Un bateau, mené à la mer par les marins qui sur la jetée tiraient la corde, partait. Un beau mousse d’une quinzaine d’années se penchait à l’avant, tout au bord; à chaque vague, un croyait qu’il allait tomber dans l’eau, mais il se tenait ferme sur ses jambes solides.
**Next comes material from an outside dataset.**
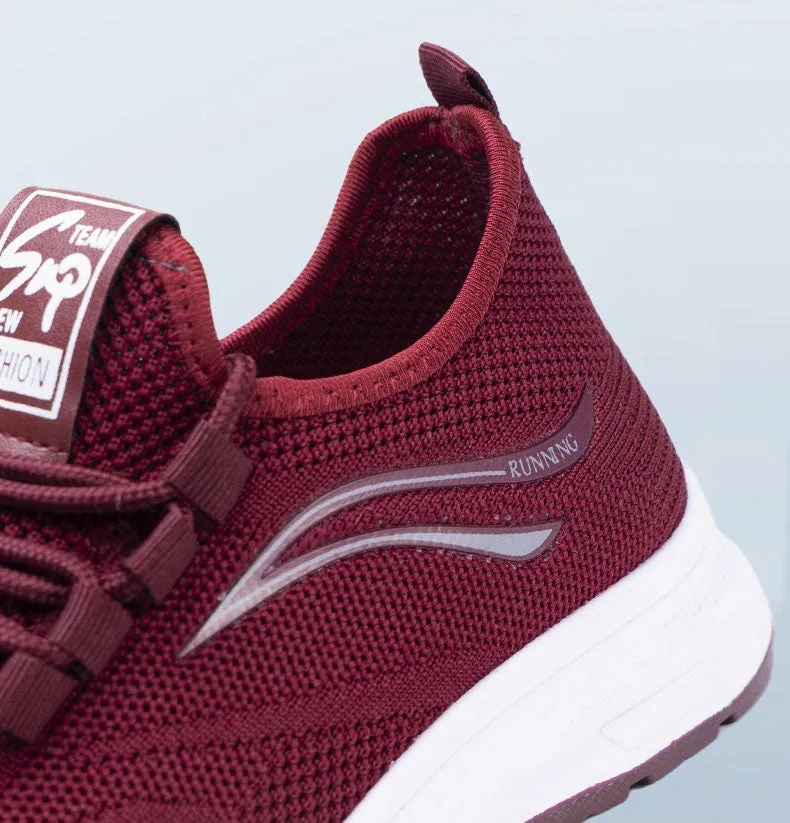 Stylish and Breathable Casual Trainer Sneakers for Active Women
Il tendait le filet pour ramener le poisson et tenait une pipe chaude entre ses lèvres salées par le vent. Et le même vent qui enflait la voile venait rafraîchir les joues de Baldassare et fit voler un papillon dans la chambre. Il détourna la tête pour ne plus voir cette image heureuse des plaisirs qu’il avait passionnément aimés et qu’il ne goûterait plus. Il regarda le port: un trois-mâts appareillait.
«C’est le bateau qui part pour les Indes», dit Jean Galeas.
Baldassare ne distinguait pas les gens debout sur le pont qui levaient des mouchoirs, mais il devinait la soif d’inconnu qui altérait leurs yeux; ceux-là avaient encore beaucoup à vivre, à connaître, à sentir. On leva l’ancre, un cri s’éleva, et le bateau s’ébranla sur la mer sombre vers l’occident ou, dans une brume dorée, la lumière mêlait les petits bateaux et les nuages et murmurait aux voyageurs des promesses irrésistibles et vagues.
Baldassare fit fermer les fenêtres de ce côté de la rotonde et ouvrir celles qui donnaient sur les pâturages et les bois. Il regarda les champs, mais il entendait encore le cri d’adieu poussé sur le trois-mâts, et il voyait le mousse, la pipe entre les dents, qui tendait ses filets.
La main de Balilassare remuait fiévreusement. Tout à coup il entendit un petit bruit argentin, imperceptible et profond comme un battement de coeur. C’était le son des cloches d’un village extrêmement éloigné, qui, par la grâce de l’air si limpide ce soir-là et de la brise propice, avait traversé bien des lieues de plaines et de rivières avant d’arriver jusqu’à lui pour être recueilli par son oreille fidèle. C’était une voix présente et bien ancienne; maintenant il entendait son coeur battre avec leur vol harmonieux, suspendu au moment où elles semblent aspirer le son, et s’exhalant après longuement et faiblement avec elles. A toutes les époques de sa vie, dès qu’il entendait le son lointain des cloches, il se rappelait malgré lui leur douceur dans l’air du soir, quand, petit enfant encore, il rentrait au château, par les champs.
A ce moment, le médecin fit approcher tout le monde, ayant dit:
«C’est la fin!» Baldassare reposait, les yeux fermés, et son coeur écoutait les cloches que son oreille paralysée par la mort voisine n’entendait plus. Il revit sa mère quand elle l’embrassait en rentrant, puis quand elle le couchait le soir et réchauffait ses pieds dans ses mains, restant près de lui s’il ne pouvait pas s’endormir; il se rappela son Robinson Crusoé et les soirées au jardin quand sa soeur chantait, les paroles de son précepteur qui prédisait qu’il serait un jour un grand musicien, et l’émotion de sa mère alors, qu’elle s’efforçait en vain de cacher.